April 24, 2015 7:00AM ET by Caleb Lauer

“In one ear, out the other,” Turkish President Recep Tayyip Erdogan
said in anticipation of the European Parliament’s recently adopted
resolution “encouraging” Turkey “to come to terms with its past [and]
to recognize the Armenian genocide.”

When Pope Francis reiterated his predecessor John Paul II’s opinion
that what happened to Ottoman-Armenians during World War I was the
“first genocide of the 20th century,” Turkish Prime Minister Ahmet
Davutoglu said the pontiff was conspiring against Turkey. This week
Turkey recalled its ambassador to Austria, after its parliament
recognized “the terrible events as genocide” — a step Ankara said
“permanently damaged” the countries’ relations.

Turkey’s refusal to heed others’ insistence that it accept that the
mass killing of Ottoman-Armenians in 1915 constituted genocide is
usually expressed in tones of animus, shaming and national pride. At
the same time, foreign condemnation often misses the mark, encourages
deniers and helps Turkish politicians at home. The heat generated by
such exchanges obscures the reality that Turkey’s denial is as much
about the country’s democratic deficit as it is about the emotive
elements emphasized by both accusers and apologists.

Historical evidence indicates that during World War I, Ottoman leaders
— specifically Mehmet Talat, Ismail Enver and Ahmet Cemal, the Young
Turk triumvirate — decided to eliminate Anatolia’s Armenians. On April
24, 1915, the day before Britain and France attacked at Gallipoli, some
250 Armenian notables in Istanbul were arrested, packed into trains and
sent to join the hundreds of thousands of other Armenians soon to be
massacred or driven out to their deaths in the Syrian desert. Children
were kidnapped. Property was seized. Many people were shot dead. Many
died of thirst. Between 800,000 and 1.5 million Armenians perished,
and Anatolia was effectively emptied of the community.

Turkey has said the Armenian victims were simply one part of the
hundreds of thousands of Ottoman civilians of various ethnicities
killed in war violence, thus avoiding the question of whether a
decision had been taken to annihilate the Armenians.

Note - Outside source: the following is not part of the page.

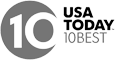 The image shows the logo for "USA TODAY 10Best," featuring a stylized number 10 and the text "USA TODAY 10BEST" to the right of it.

But to understand Turkey’s position today, it is important to
understand what has happened there since 1915.

The Ottoman Empire lost the war. With Istanbul occupied, Ottoman
territory was being parceled out to Western powers. But a Turkish
nationalist army, led by Mustafa Kemal (later Ataturk), eventually
liberated Anatolia; modern Turkey was founded in 1923. Abolishing
the sultanate and caliphate, Ataturk and his associates established a
Western-oriented, secular republic. But the remarkable, avant-garde
creation of a Turkish nationality and nation-state required drastic
social engineering to repudiate the Ottoman past and give the new
republic a new, Turkish identity.

The Lausanne Treaty of 1923 legalized a forced “population exchange” —
Greeks out of Anatolia, Muslims in. Any remaining Greeks, Armenians or
Jews have largely disappeared over the years, suffering pogroms, tax
persecution and dispossession. The state took control of and remains
the sole administrator of Sunni Islam in the country, marginalizing
other Muslim traditions such as Alevism. Non-Turkish Muslims —
Kurds for example — were expected to assimilate. Ataturk by edict
changed the Turkish alphabet and adopted Latin script, leaving later
generations unable to read Ottoman and Islamic texts. The official
Turkish History Thesis essentially invented a past for the Turks.

This provoked challengers, of course, and the Turkish state has
long responded as if deeper and wider knowledge of the cost of the
Turkish national project — in terms of the oppression and control of
historical knowledge required — could undermine it. The Turkish army
has deposed four Turkish governments since 1960, each time setting
the country’s democratic development back and reinforcing the laws
and mechanisms of this control. The country’s human rights activists
like to say that the Turkish state and its national project has always
been well protected from its citizens.

What happened to the Armenians — and Turkey’s obfuscation — is
inseparable from this national project. It is the mother of Turkey’s
Pandora’s boxes, the opening of which would mean re-evaluating,
reinterpreting, uncovering and unsilencing all the aspects of Turkey’s
history heretofore protected by taboos, laws, state-written textbooks
and state-serving academics. Confronting the the stains of the past
is integral to the project of Turkey’s democratization.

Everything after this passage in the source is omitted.